Mean? Yes. But in my mind, it was well deserved. And I have to admit that I laughed like crazy when he called me later freaking out.
Plus, the advantage to getting up a LOT earlier than the hubs, is that this morning, I can almost guarantee that unless I stop now, I will drink all of the coffee, and conveniently go for a run right as the hubs is getting ready to wake up. The hubs has a complete inability to make coffee on his own…
Mean? Again, yes. But also deserved in my mind…
We all have little things that we do that get on each other’s nerves. And while I sometimes don’t take the most mature approach to dealing with it, I also know that if I went off yelling every time he drove me nuts, he’d go running home to his mom’s within a week.
Yes, marriage is hard, but it can also be really great…
Yes, the hubs drives me nuts, he makes me crazy, and sometimes I may want to strangle him, but for every single thing he does that frustrates me, there are a million other things that he does that make me smile, that make me laugh, and that make me cry happy tears.
- He does the dishes, because he knows that I despise doing dishes.
- He brings home puppies from the dumpster, because he knows I couldn’t bear to see them on the side of the road.
- He helps the eldest with his homework every night.
- He taught the youngest how to build fires and shoot a gun.
- He loves my kids like they’re his own.
- He records movies on the DVR that he thinks I’ll want to watch.
- He cooks for me.
- He holds me when I feel like dog crap.
- He supports my dreams.
- He finds ways to make me laugh, when all I want to do is cry.
- He doesn’t run away when I start to cry.

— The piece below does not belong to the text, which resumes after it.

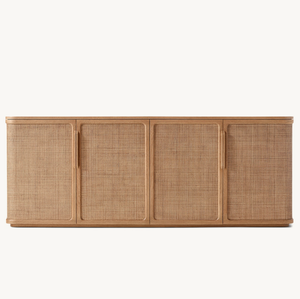 Mobile Moderno in Legno di Quercia Massello per <span class=keywords><strong>Soggiorno</strong></span> Credenza a 4 Ante in Legno e Canna - Product Image 2
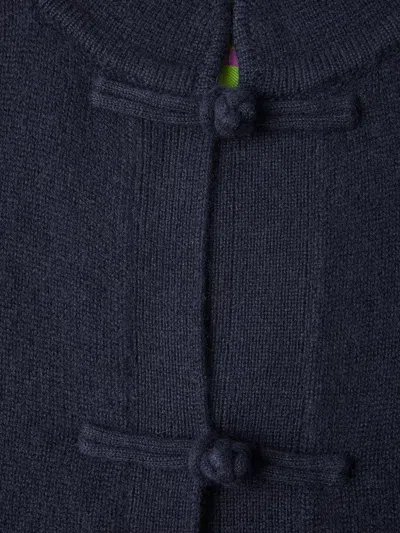 Shanghai Tang Knot Button Cardigan In Blue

- He watches the kids so I can grocery shop alone (and yes, that is sooooo important to me and my sanity!).
- Even though we never go to bed at the same time, he always kisses me good night when he comes to bed (I know, because even though he doesn’t think he does, he wakes me up every single time).
- He calls me from work to see how my day of working with tiny human went.
- He tells me I’m beautiful, even when I look like this.
I guess what I really need to say is that even though marriage is hard, if you really love the person that you’re with, it is easy to make it work. And, I guess I need to make some more coffee before I head out for my morning run.
Have I told you all that I have the most wonderful man ever to call my very own? I do. And sometimes I have a tendency to forget just how lucky I am. I have taken him for granted time and time again, but he has stood by me, and I am very grateful for that. I’ll tell you, he really stepped up to the plate when he and I got together. I was me (crazy as all get out from the get go) and I had a two and four year old to boot! Sometimes I wonder what on earth he was thinking. Other times, I thank God that he didn’t run for the hills at the first sign of disaster. Now, it’s time that I start doing for him…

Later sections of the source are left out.